We have children for many reasons. For some, it is just what you do. For some, it is an inner desire. For some it is to create a new being out of your love with another person. For some it is to bring joy to our lives. And for some … it just happened.
Once we do have our own children, whatever reasons we had for having them need to disappear, as their desires and wants need to forever trump our own, for the rest of their lives.
The following video shows a clip of a famous (at least Youtube famous) story about two young and impulsive men who purchased a lion cub from Harrods of London many years ago. It tells of how they cared for him, and that the life they gave the cub was, obvious in the video, a joy filled experience. Their decision to raise a lion cub was quite an enormous responsibility, one that they (like us in our quest to have a child), perhaps, had not understood fully when they made that decision.
Now tell me animals do not form bonds, and do not express emotion! What a beautiful reunion of the lion who was chosen raised and saved by the two men who chose to raise, and then let go of the cub, for his own good. Really it was in their letting go of their lion that gave Christian life as he was intended to have it.
Often, as parents, we have a plan for the lives of our children, from even before they are conceived. We hope for their future, we try to protect them from harm, we lead them in directions that we deem best for them. I do believe that the intentions of most of us as parents are pure and good. But, we can be living vicariously through our kids. Or, maybe our kids are hindered to progress in their own lives, because we neglect to let them go.

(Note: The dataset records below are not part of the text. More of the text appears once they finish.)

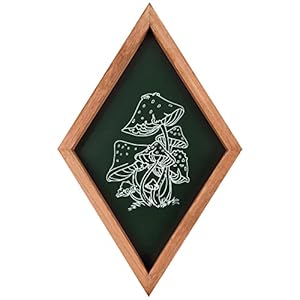 Lenkyin Dark Green Mushroom Decor Farmhouse Home Wall Decor, Wood Diamond Frame Mushroom Wall Art, Mushroom Kitchen Decor for Living Room Bedroom office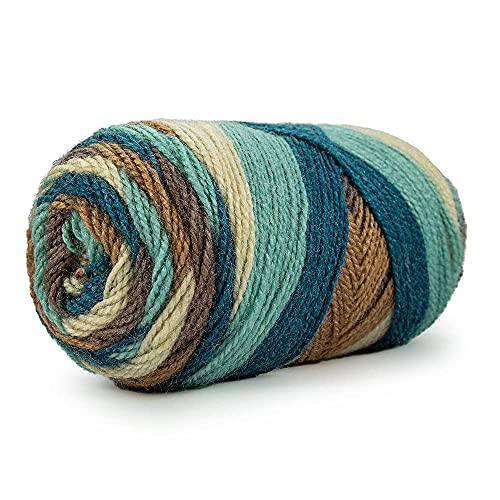 Ganga Acrowools Spectrum Yarn -100% Acrylic Supersoft Knitting Wool Ball, Brown Cream Colour Ball (Pack of 1 Ball - 100 Grams). Suitable for Craft, Babywear Blankets, Ponchos mufflers, caps, Thick mota Needle Crochet Hook Thread;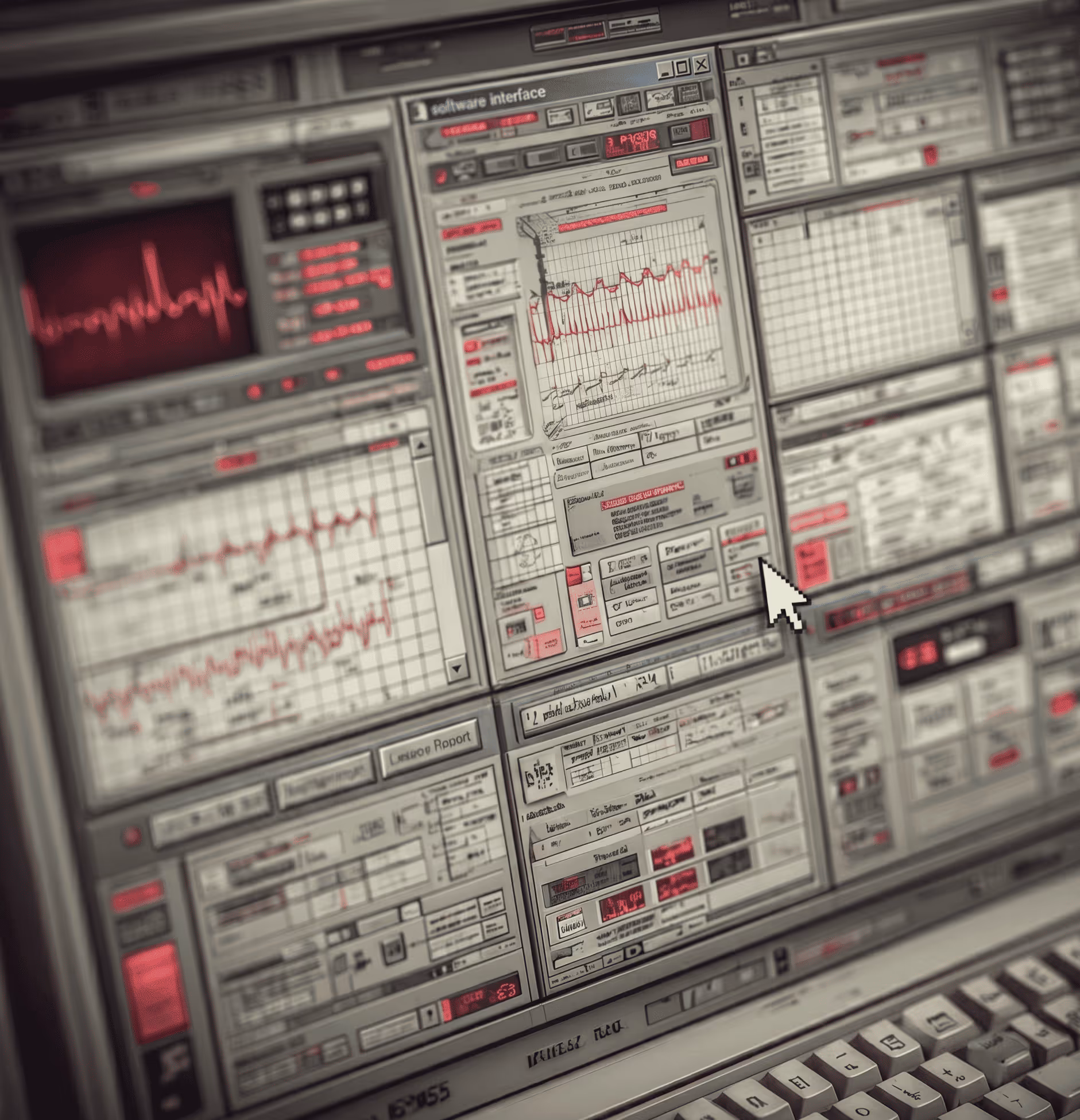 An old computer screen showing ageing medical software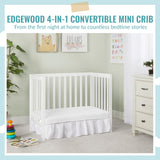 Edgewood 4-In-1 Convertible Mini Crib In White, JPMA Certified, Non-Toxic Finish,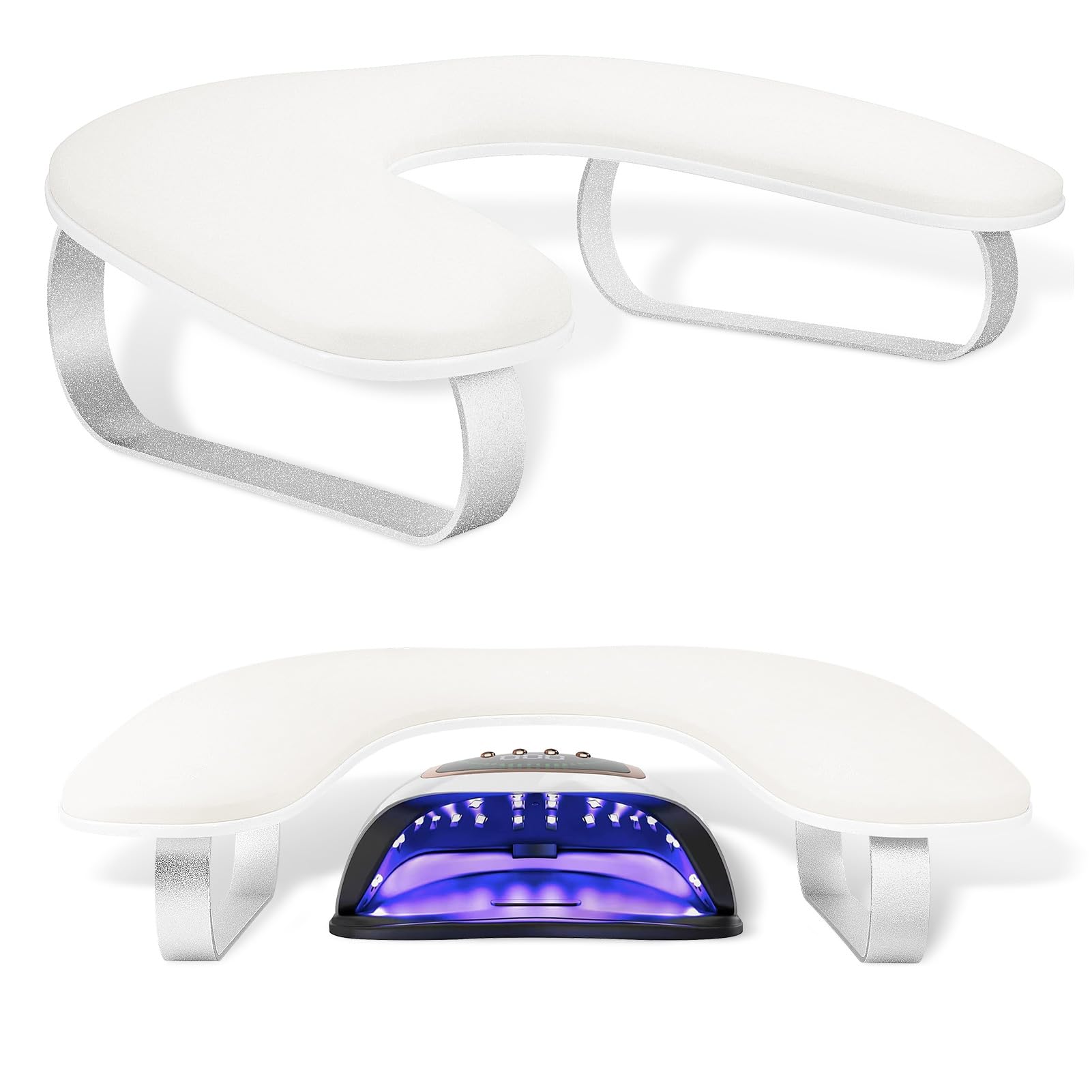 AONOLOVO Arm Rest for Nails Tech — 10-degree Inclined U-Shaped Nail Hand Rest with Aluminum Alloy Holder, Non-slip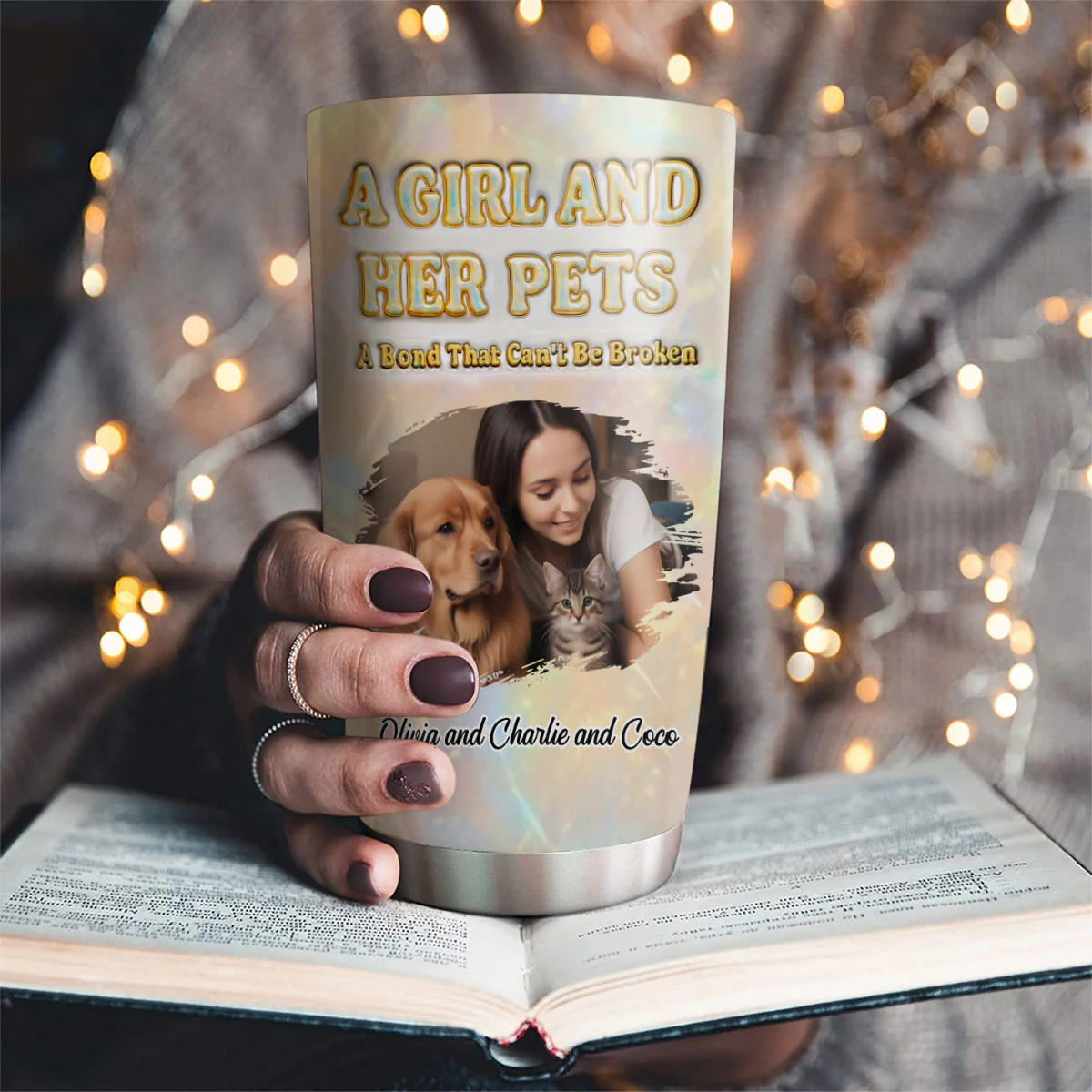 A Girl And Her Pet Pearl Photo - Personalized Custom 3D Inflated Effect Tumbler - Image 2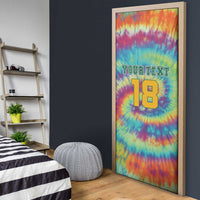 Custom Lithuania Basketball Skeleton 1992 Door Cover Tie Dye Pattern - Wonder Print Shop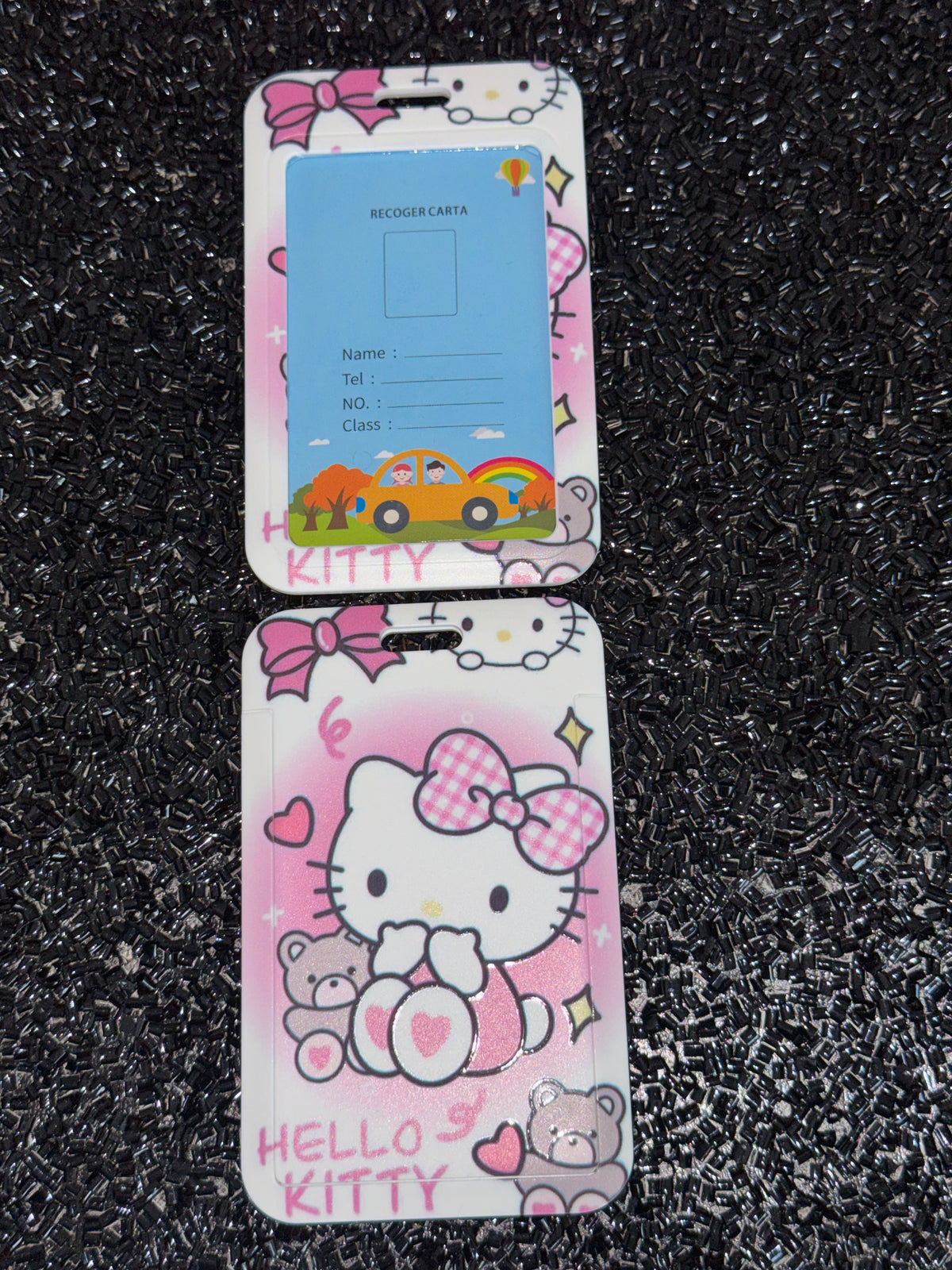 Kitty and bear Vertical ID Holder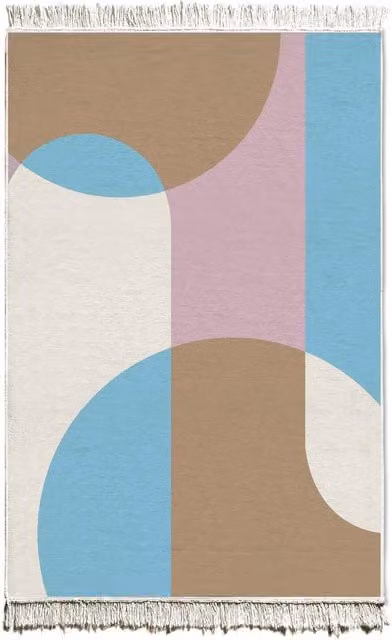 The Mia UK Boho Series Multicolour Blue Flat Weave Rectangular Kilim Rug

It is in that letting go that avails us to beautiful reunions, when they chose to return and share with us, as parents, the joys and sorrows of their independent lives. The story of Christian the lion, and, more importantly, the men who purchased him, tells of the joy of giving freedom to those we love.
It is a challenge to let go of our children. It is a challenge to not see them as our possessions … something we hold, and keep to ourselves. It is not a natural thing to let our children go off and live their lives independent of ourselves. But it is in granting that freedom that we allow them to have the greatest success, the greatest freedom to be who they were created to be.
In a second, and last visit of John and Ace to Christian, in Kenya, they reflected on how far ‘their’ lion had come, “he was no longer dependent on any of us, and that was the most wonderful success … John and Ace are convinced that they did the right thing, giving him back his freedom.”
“Point your kids in the right direction—
when they’re old they won’t be lost.”